The Bombay High Court recently held that just because a person is under trial in a criminal case, they cannot be denied permission to renew their passport. [Nijal Navin Shah v. State of Maharashtra and Anr]
Justice Amit Borkar held that merely because proceedings under Sections 406 (punishment for criminal breach of trust), 420 (cheating and dishonestly inducing delivery of property) and other provisions of the Indian Penal Code (IPC) were pending against the applicant, he could not be denied the right to renew his passport.

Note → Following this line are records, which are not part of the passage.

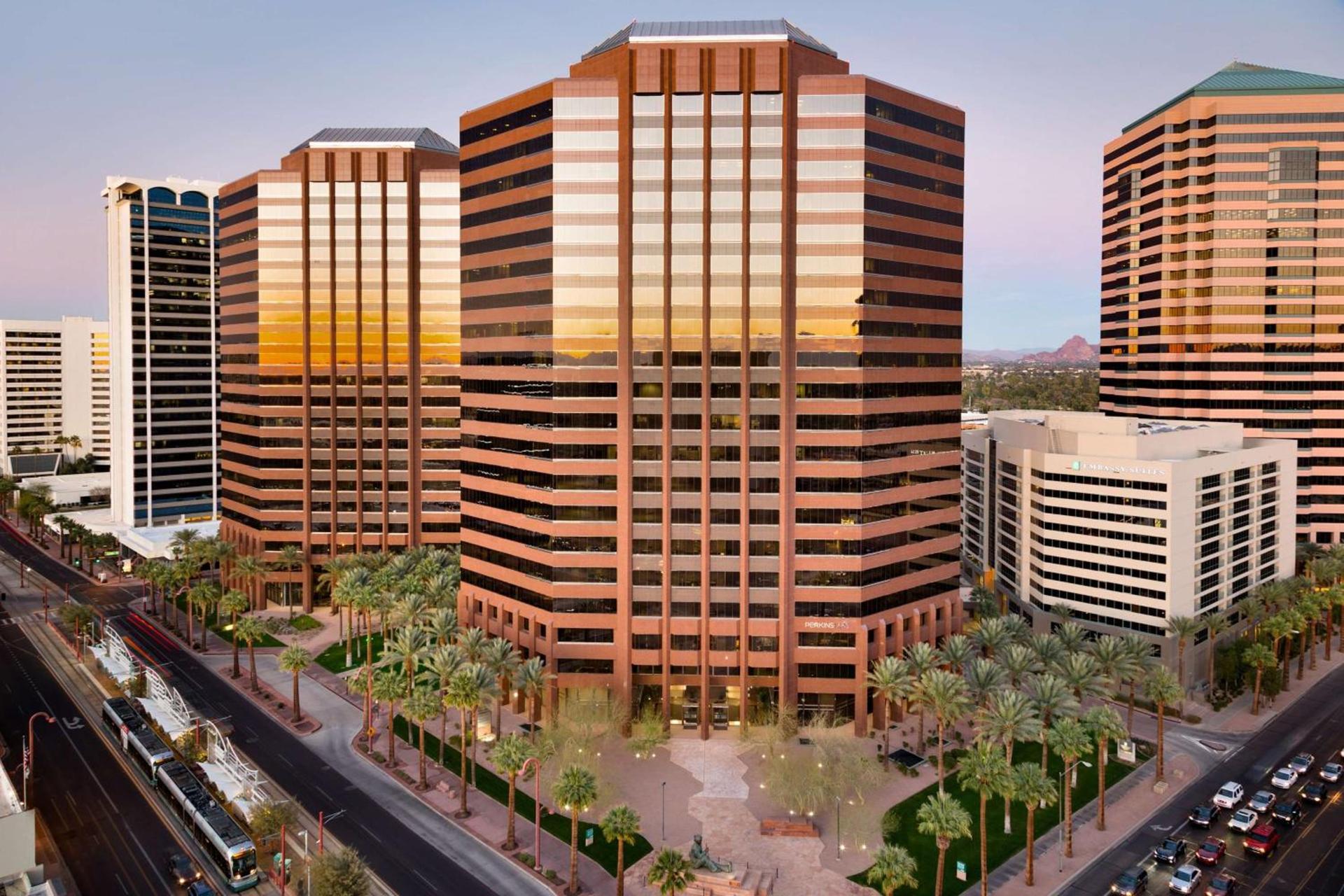 Embassy Suites by Hilton Phoenix Downtown North photo 2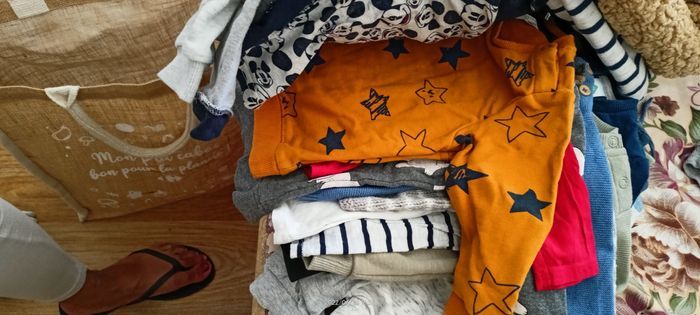 Lot de vêtements - photo numéro 3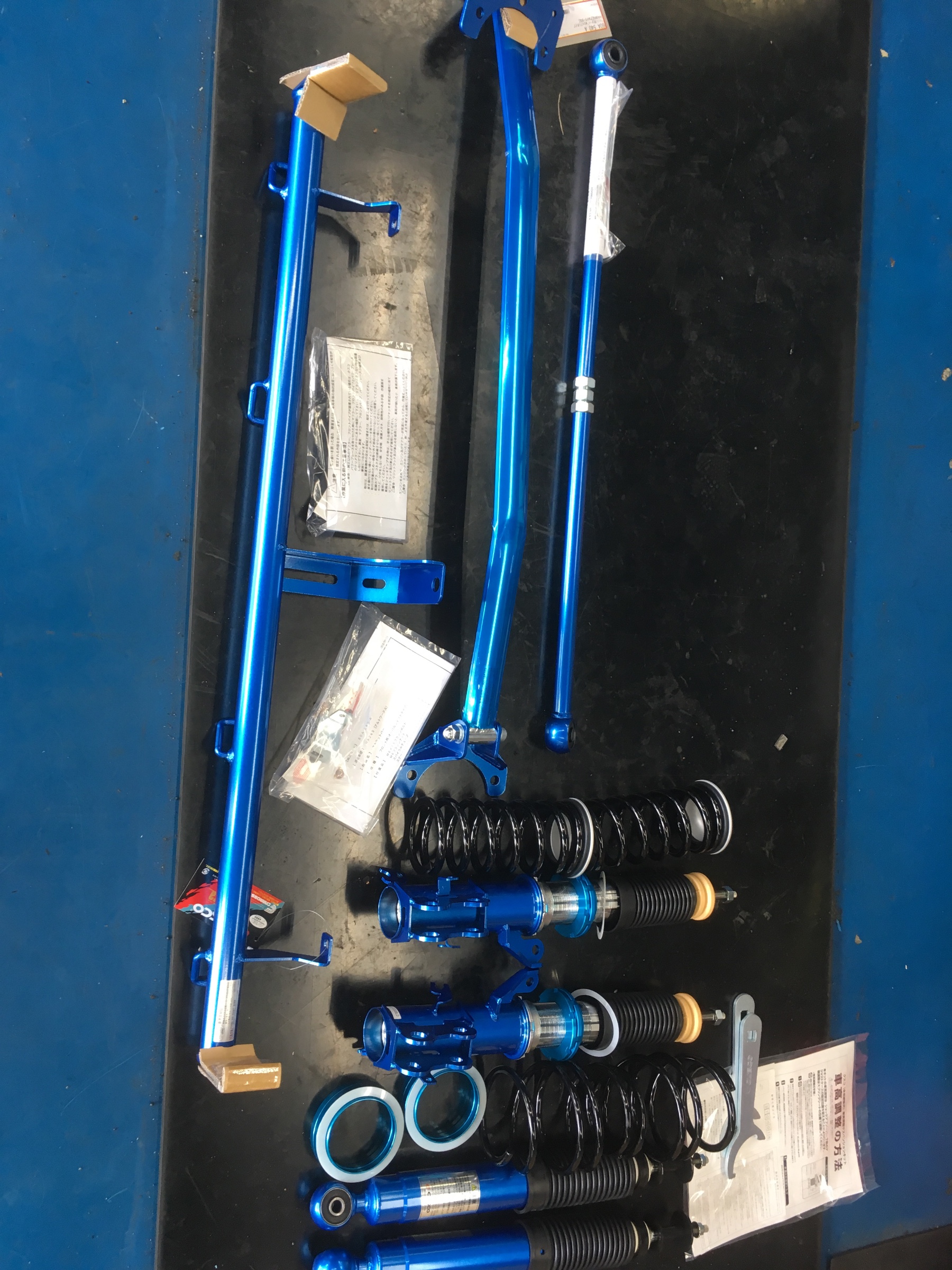 ワークスに車高調取り付けます スズキ アルトワークス カスタマイズ日記 コクピット 相模原 車のカスタマイズにかかわるスタッフより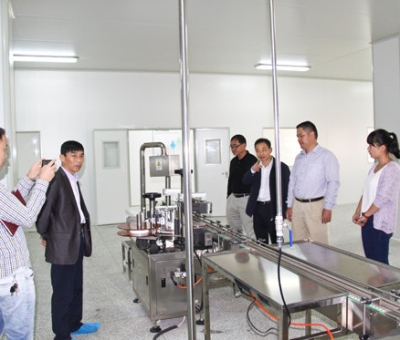 仙客來公司榮獲首批“國(guó)家林業(yè)重點(diǎn)龍頭企業(yè)”授牌儀式在仙客來公司舉行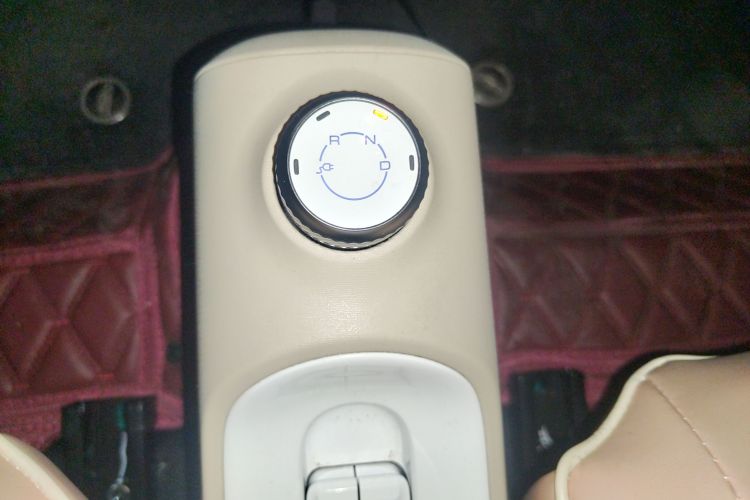 五菱汽车 宏光MINIEV 2024款 第三代 215km 青春版中控内饰18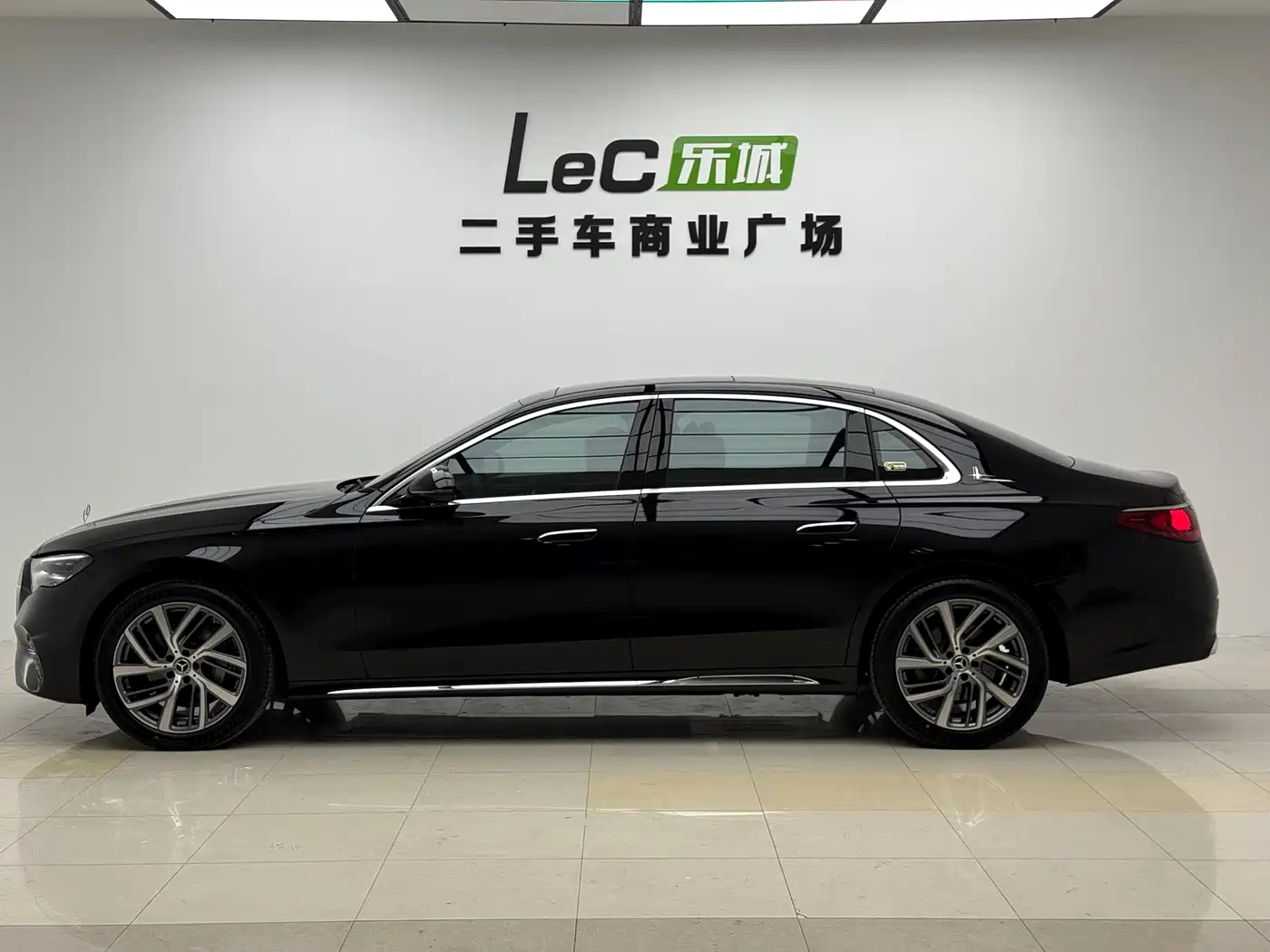 Mercedes-Benz E-Class 2025 E 300 L Fashion фото 3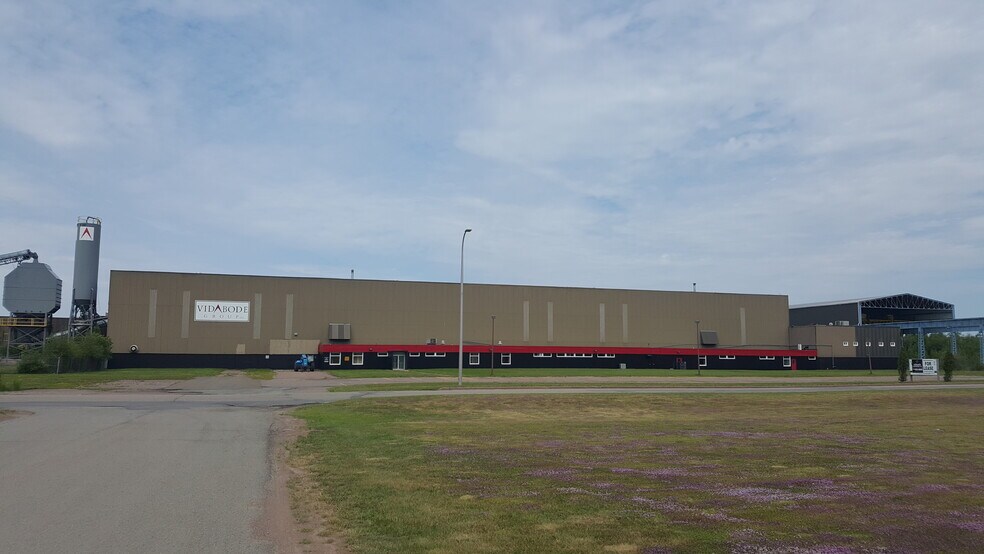 More Photos Of 1 Chandler Rd, Amherst Distribution For Sale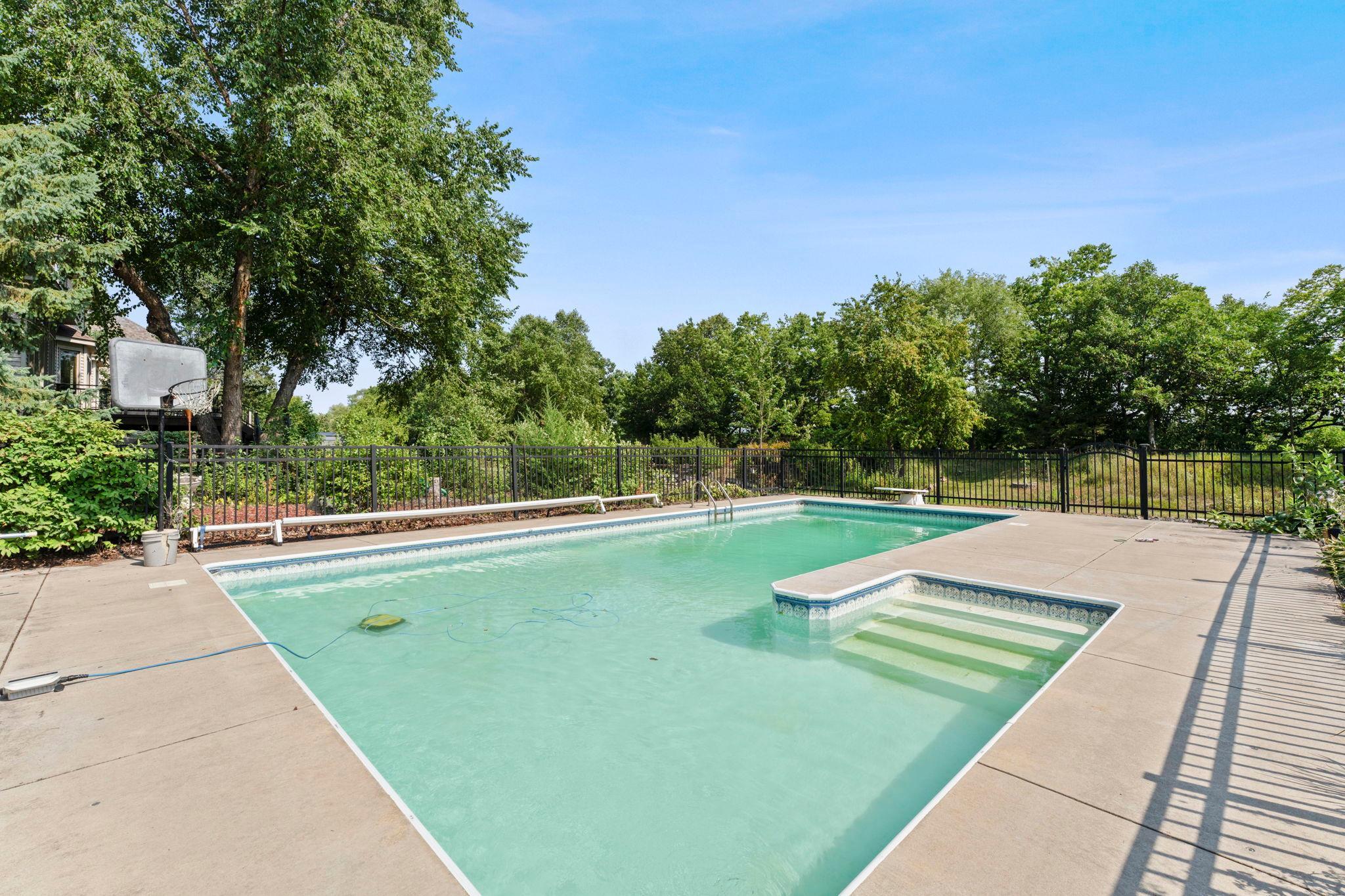 1484 Riverbluff Drive Property Photo 52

“In the facts of the case merely because the offence under Sections 406, 420, 120(b) read with 34 of IPC is pending against the applicant, the said fact by itself is not sufficient to deny the right of the applicant for renewal of the passport. There is no material on record to show that the applicant carries flight and risk…The application for renewal of passport needs to be granted,” the Court said.
The applicant applied for permission to renew his passport before a magistrate’s court in Vikhroli. The court rejected it on the grounds that one accused in the case was absconding, and the applicant could tamper with evidence. Hence, he approached the High Court.
The High Court noted that a sessions judge in 2017 had permitted the applicant to fly to the USA and that he had not breached any conditions.
Furthermore, it noted that a sessions judge, while directing the release of the applicant on pre-arrest bail, imposed a condition that he shall not travel abroad without the court’s permission.
Considering the condition, the Bench determined that the investigating agency’s apprehension was uncalled for, as it was taken care of in the pre-arrest bail order.
Therefore, the High Court quashed the magistrate’s order and directed that the applicant’s request for permission be considered afresh without taking into account the offences registered against him.
Advocates Sonal Parab, Tanvi Sawant and Rajeev Sawant appeared for the applicant.
Advocates Yogesh Gandhi and DP Singh appeared for the passport authorities, while Advocate AR Patil represented the State.